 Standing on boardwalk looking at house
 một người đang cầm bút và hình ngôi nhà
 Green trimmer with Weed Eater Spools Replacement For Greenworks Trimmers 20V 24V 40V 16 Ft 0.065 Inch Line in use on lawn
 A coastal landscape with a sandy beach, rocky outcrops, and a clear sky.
------------------------------------------------------------
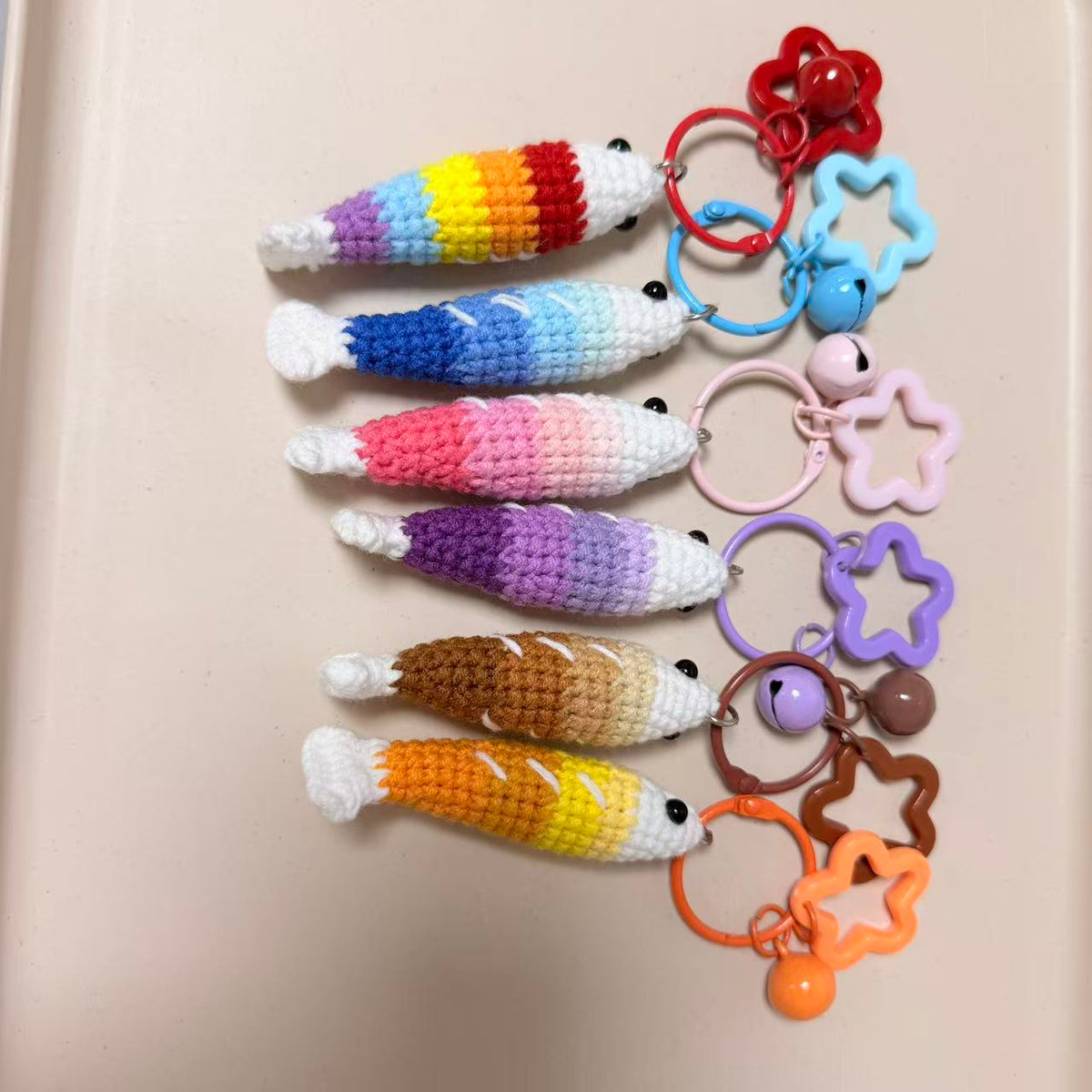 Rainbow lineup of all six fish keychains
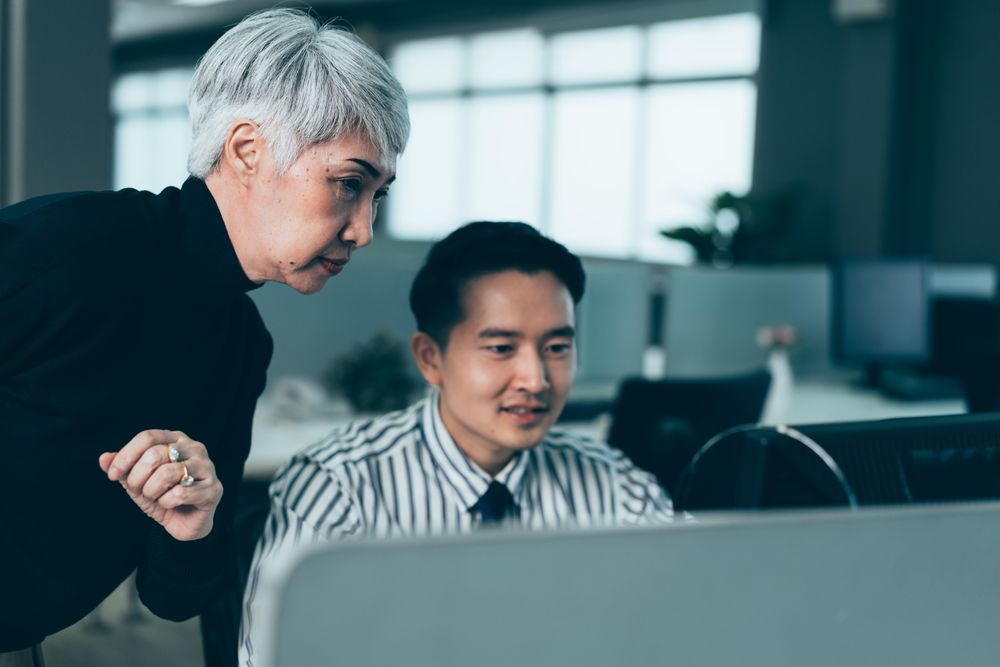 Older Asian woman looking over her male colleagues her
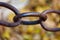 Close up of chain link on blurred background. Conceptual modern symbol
------------------------------------------------------------
### WORK INSTRUCTIONS
Copy each line in the entries above where the word "with" shows up.

### RESPONSE
 Green trimmer with Weed Eater Spools Replacement For Greenworks Trimmers 20V 24V 40V 16 Ft 0.065 Inch Line in use on lawn
 A coastal landscape with a sandy beach, rocky outcrops, and a clear sky.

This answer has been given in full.